Allegheny County Court of Common Pleas Judge Arnold I. Klein issued a denial of the defense’s objections on Oct. 23.

“It is hereby ordered, adjudged and decreed that defendants’ preliminary objections are denied,” Klein said.

UPDATE

On Nov. 13, the defendants filed an answer and new matter with respect to the plaintiffs’ claims.
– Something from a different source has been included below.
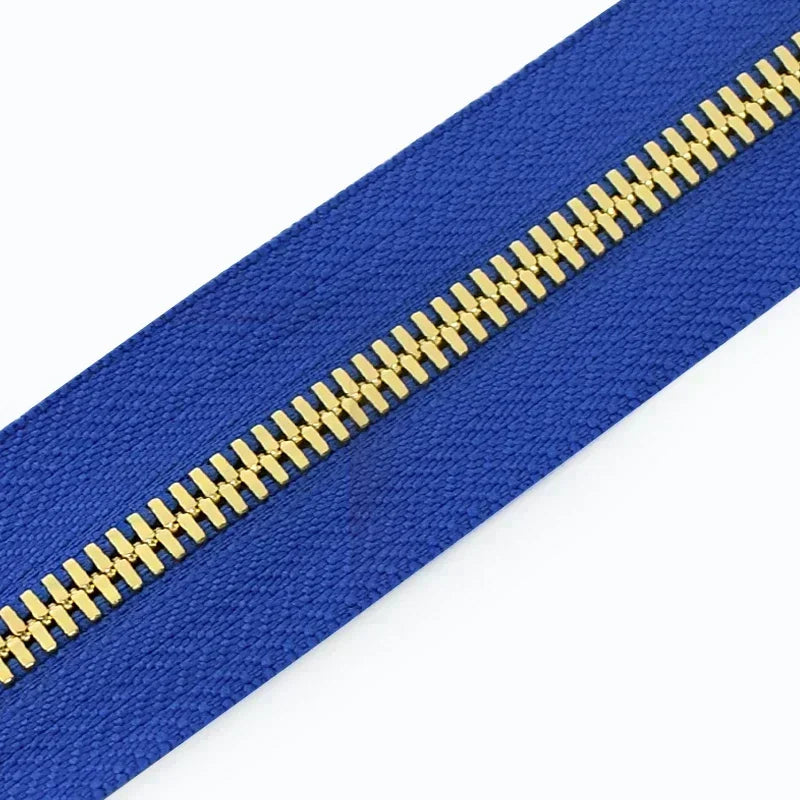 Metall-Reißverschluss Offenes Ende Zwei-Wege Reißverschlüsse Gold Silber-Yabubest - Home & More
“If plaintiffs sustained the injuries or damages alleged in their complaint, which are denied, it is averred that said injuries or damages were caused by the operation of nature and not by any acts or omissions on the part of this defendant. The injuries and/or damages sustained by plaintiffs, to the extent they are proven, were not caused by any negligent, tortious or actionable conduct on the part of answering defendants but were the result of factors, entities or causes beyond their control. To the extent the evidence shows the plaintiffs have failed to mitigate their damages, these defendants plead failure to mitigate damages as an affirmative defense. To the extent the evidence shows that plaintiffs were contributory or comparatively negligent, said negligence is pleaded as an affirmative defense,” per the new matter.

“For the purposes of preserving the same, and subject to further discovery, the answering defendants assert that plaintiff’s claims are barred by any releases that may have been executed in connection with plaintiff’s decedent’s treatment or for other purposes. Section 606 of the Healthcare Services Malpractice Act of Pennsylvania provides that in ‘the absence of a special contract in writing, a healthcare provider is neither a warrantor nor a guarantor of a cure.’ This provision is pleaded as an affirmative defense insofar as there was no special contract in writing in this case. These defendants raises all affirmative defenses set forth or available as a result of the provisions in the Healthcare Services Malpractice Act of Pennsylvania and/or House Bill 1802 (2002), as well as the Pennsylvania MCARE act.”

For counts of negligence, negligent infliction of emotional distress, survival and wrongful death, the plaintiffs are seeking damages in excess of the threshold amount for a board of arbitrators in this jurisdiction and demand a trial by jury.

The plaintiffs are represented by Brendan B. Lupetin and Gregory R. Unatin of Lupetin & Unatin, in Pittsburgh.

The defendants are represented by Michael C. Hamilton, Paula A. Koczan and Tiffany R. Temas of Weber Gallagher Simpson Stapleton Fires & Newby, also in Pittsburgh.